In the entries that follow, find the line containing "6 SS Rhinestone"; from there, copy every line exactly through the line containing "PixDezines Abstract Cosmic".

Segment Start: Material provided

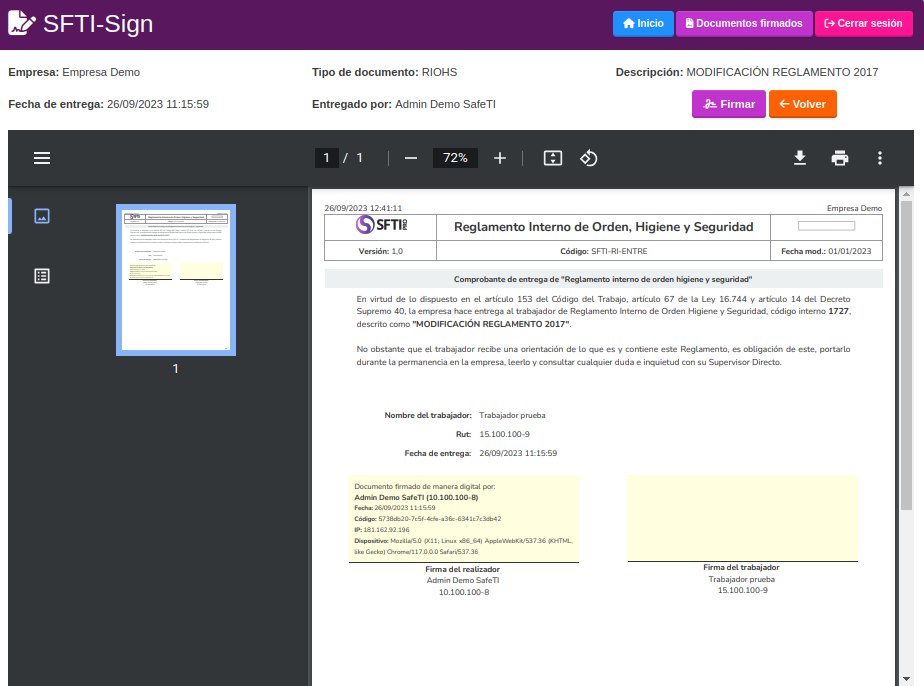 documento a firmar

Segment End: Material provided
Segment Start: Material provided

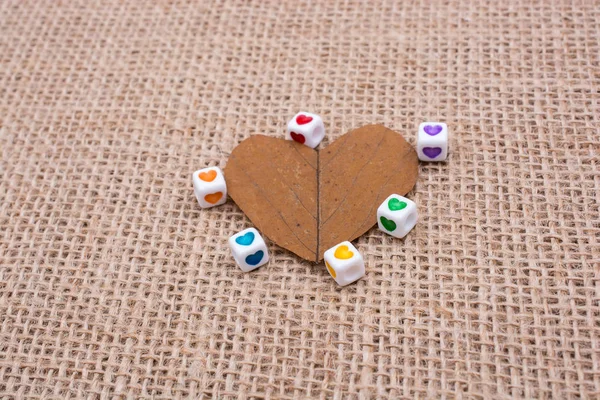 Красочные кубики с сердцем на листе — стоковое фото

Segment End: Material provided
Segment Start: Material provided

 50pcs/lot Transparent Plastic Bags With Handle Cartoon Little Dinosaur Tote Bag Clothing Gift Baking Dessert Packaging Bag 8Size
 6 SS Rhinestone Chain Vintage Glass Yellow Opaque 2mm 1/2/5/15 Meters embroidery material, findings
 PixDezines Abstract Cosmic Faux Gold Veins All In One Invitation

Segment End: Material provided

**Answer area**:
 6 SS Rhinestone Chain Vintage Glass Yellow Opaque 2mm 1/2/5/15 Meters embroidery material, findings
 PixDezines Abstract Cosmic Faux Gold Veins All In One Invitation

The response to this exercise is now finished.